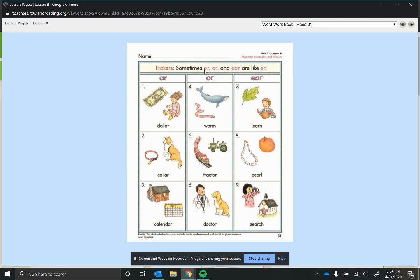Same with O-R. O-R usually says 'or', but this time it's being tricky, so it's going to say 'er'. And then E-A-R spells 'ear', but sometimes it may say 'er' if it's being tricky.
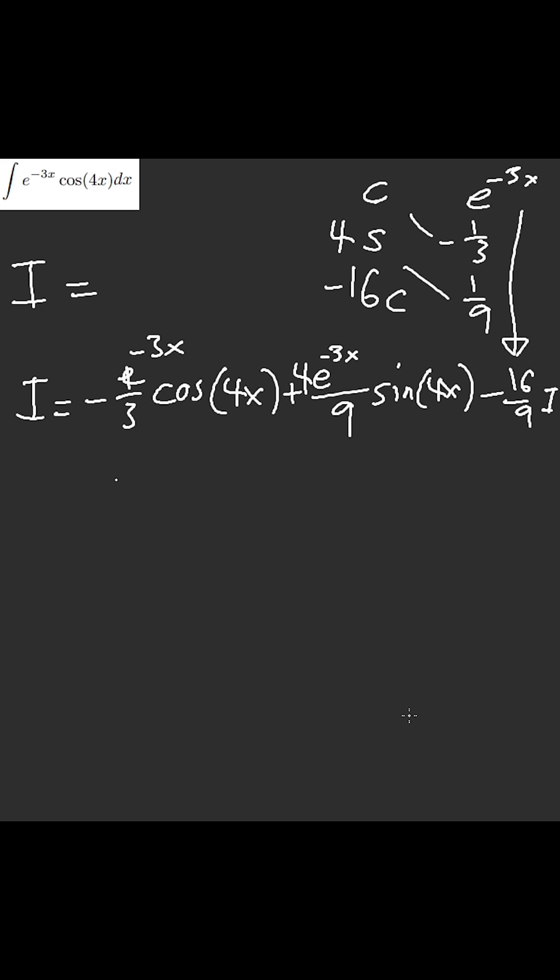Okay, and so then, let's see, sixteen over nine plus twenty-five over nine. I, so that makes i,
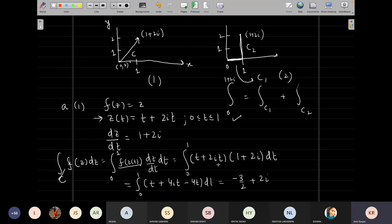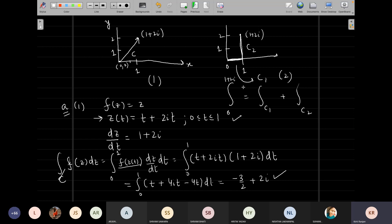The whole idea is that by parameterizing in terms of t, which is a real parameter, you can use your real integration knowledge. So this is good. I am pretty sure all of you can get it. So let's do the second part: question A with paths C1 and C2 in order to compare.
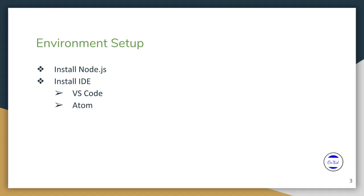Two of them are VS Code, or Visual Studio Code, and Atom. In this presentation, I am using VS Code.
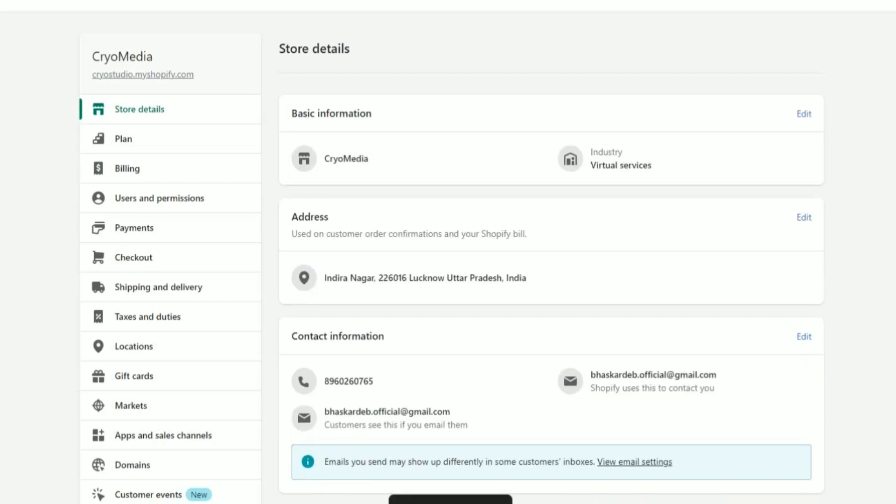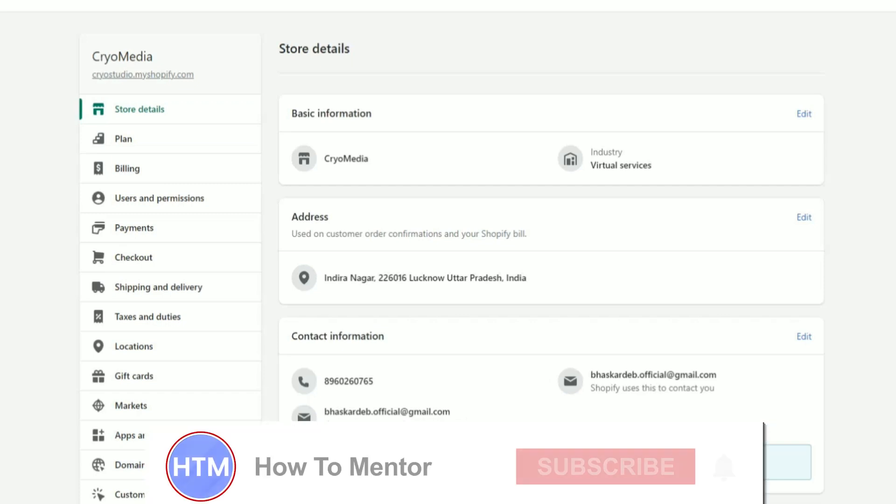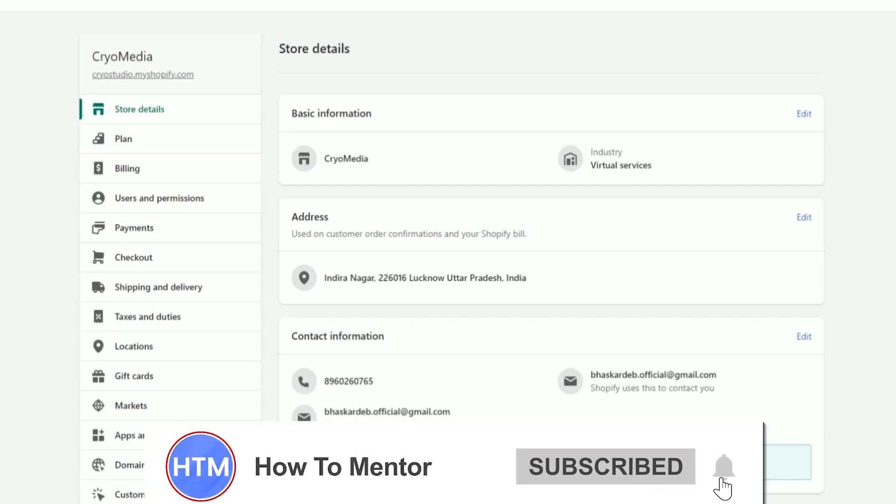And the store name is changed. That's how you can change a store name in Shopify. Thank you for watching, please like and subscribe to my channel, and take care.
┄┄┄┄┄┄┄┄┄┄┄┄┄┄┄┄┄┄┄┄
* _WHAT YOU WILL DO_
Your answer must be an exact reproduction of all entries, containing no pictures.

* _TASK ANSWER_
Same with O-R. O-R usually says 'or', but this time it's being tricky, so it's going to say 'er'. And then E-A-R spells 'ear', but sometimes it may say 'er' if it's being tricky.
Okay, and so then, let's see, sixteen over nine plus twenty-five over nine. I, so that makes i,
The whole idea is that by parameterizing in terms of t, which is a real parameter, you can use your real integration knowledge. So this is good. I am pretty sure all of you can get it. So let's do the second part: question A with paths C1 and C2 in order to compare.
Two of them are VS Code, or Visual Studio Code, and Atom. In this presentation, I am using VS Code.
And the store name is changed. That's how you can change a store name in Shopify. Thank you for watching, please like and subscribe to my channel, and take care.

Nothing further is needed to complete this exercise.